Last year, Carson Wentz proved to be a formidable leader as he kept NDSU’s historic run of success alive. The junior quarterback broke three major passing records during his first season as the starting quarterback and led the Bison to a fourth straight FCS Championship in dramatic fashion. Now with national recognition in sight, Wentz is looking to leave the Bison program where he found it – at the top. The Bismarck native has come a long way before scoring the game-winning touchdown against Illinois State in Frisco, Texas. The competitiveness that drives him forward is a culmination of his baseball, basketball and hockey playing days.
Wentz can’t remember the last time he wasn’t playing a sport. He participated in football and baseball throughout high school and played basketball for three years, skipping his junior season to recover from an arm injury. What most people don’t know is Wentz was quite the hockey player. “My older brother (Zach Wentz) wanted to play hockey when we were youngsters so I naturally wanted to do it too,” Wentz said. He played up until high school and then joined the basketball team to be around his buddies.
Early in high school, Wentz thought he was going to follow the path of his older brother Zach and play baseball in college, but he said there were three factors that made him choose football. The first reason Wentz played football is because he hurt his arm his freshman year playing baseball and that ended his pitching career. He was constricted to playing first base and being the designated hitter, which took the fun out of the game. The next reason was the pace of baseball. Wentz admits he’s not the most patient guy. In football there’s always a next play. On that next play, Wentz can take out his frustration physically on an opponent, which is the final reason he chose football over baseball.

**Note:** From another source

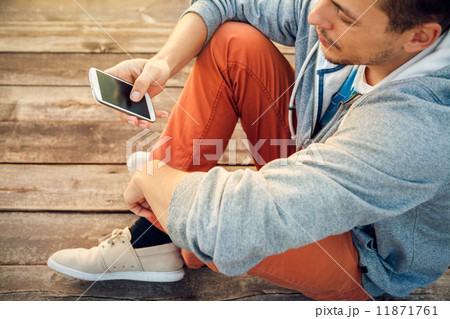 using smart phone 11871761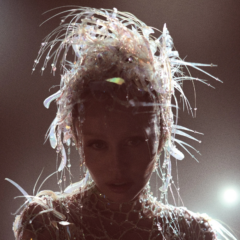 Miley Cyrus – Something Beautiful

How Good Was Carson At Baseball?
“He’s just a phenomenal athlete, overall, height and strength. He could’ve played anywhere he wanted. We tried to get him to play shortstop, but he wanted to save his arm for quarterback, and, in fact, he didn’t even pitch for us because he had some arm problems. … So what could he have done? I thought it was a sport he was pretty good at too. Same with his brother, I think he would’ve done the same type of things and maybe even a little bit further.” – Mike “Gus” Gustavsson is the head baseball coach at Century High School and coached Wentz for three years.
Wentz injured his arm playing baseball his freshman season. The injury lingered as he continued to play through the pain his sophomore season. He was forced to stop playing shortstop and pitching in order to have any strength to throw a football. Wentz’s arm was so sore his junior season he didn’t play quarterback and lost an entire season of basketball.
What Should You Do?
It takes a special type of competitor to lead three fourth-quarter comebacks in the FCS playoffs. Wentz credits his undeniable competitor attribute to playing multiple sports in high school. “I didn’t just focus on one sport,” Wentz said of his high school experience. “Those moments of adversity within games and those close games, whether it was baseball, hockey, basketball or football, they all helped when times get tough. So now for football, I’ve faced a lot of those things and I’ve dealt with adversity.” Wentz said his advice for a young athlete was to do whatever makes you happy. If you enjoy playing football and basketball, play both, because if you prematurely quit to focus on one, you may regret that decision further down the road.